BitterSuite Scheme Language Documentation

Scheme in BitterSuite has a relatively complex back-end, as it attempts to support a number of languages (the HtDP languages and PLT Scheme's module language), and attempts to make use of the scheme/sandbox library in a way that is both reasonably efficient and works with our testing system.

Also see BitterSuiteSchemeTesting for tips and tricks using the options described here.

Related Pages

• BitterSuiteSchemeTesting
• BitterSuiteFilteringStudentCode

Relevant Options

The basic language is specified by (language scheme), but this does not allow a usable default for the loadcode option. A particular default language can be specified by (language scheme/sublanguage), where sublanguage is one of beginner, beginner-abbr, intermediate, intermediate-lambda, advanced, and module. It is extremely important to specify in advance a particular language that is being used for a given assignment (or, if desired, a given question); while there is clearly intermediate-level code that is not valid in beginner, the reverse is also true. While the module language will load an HtDP submission properly in whatever language is specified by the student, this puts things like teachpack specification directly in the hands of the student and takes control of the particular language being used away from course staff. This can lead to problems; for example, the student can include a teachpack that the testing suite does not support, or which is supported but potentially trivializes a question.

(loadcode file)

Creates an evaluator for the code submitted in file in the default language. Note that only one evaluator can be active at a time at any particular level of the hierarchy.

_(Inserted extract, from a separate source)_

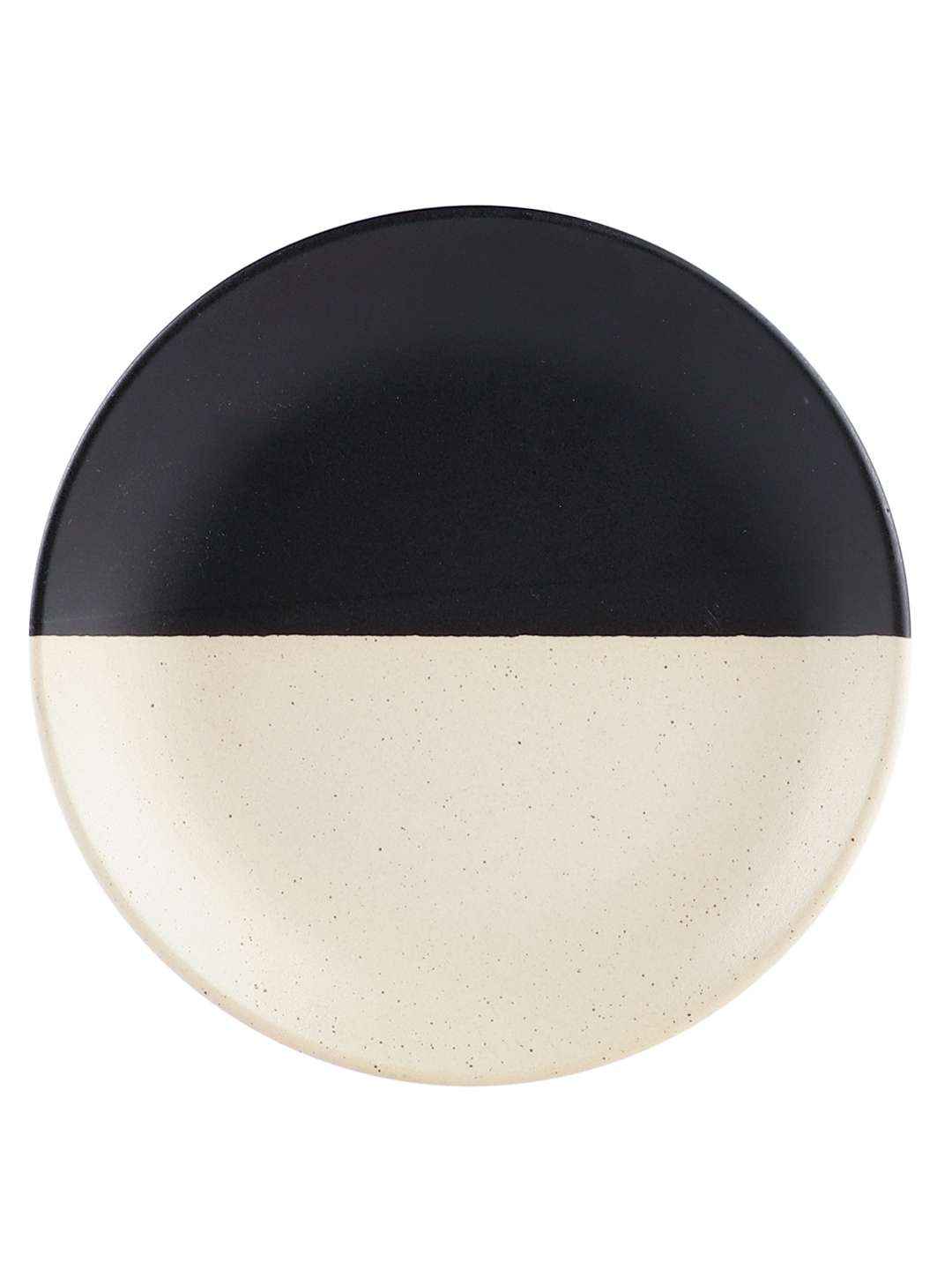 Handcrafted The Raat-Din Collection- Stoneware Dinner Plates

It is created in a context established by previous options; so, for example, the values of modules must already be specified before this option is read. The values of timeout and memory also apply to the code loading. There are two types of loading that are done. In the intermediate and advanced families of languages, an evaluator is created by loading S-expressions from the student file one-by-one. This means that if any single S-expression causes a fatal error, this will be skipped over and the rest of the file will still be attempted. This will keep something like a student-supplied test that raises an error from preventing any code from being loaded. However, this is not possible in the beginner languages or module; in these, the entire file must be loaded at once, and any load error will mean the entire code base does not load. To accomodate potential timeout issues, the value of timeout is quadrupled for the code loading.

(loadcode language file)

As with the single-valued loadcode, but creates an evaluator for the code submitted in file in the language language, where this language is one of the sublanguages listed above.

(evaluator-reset frequency)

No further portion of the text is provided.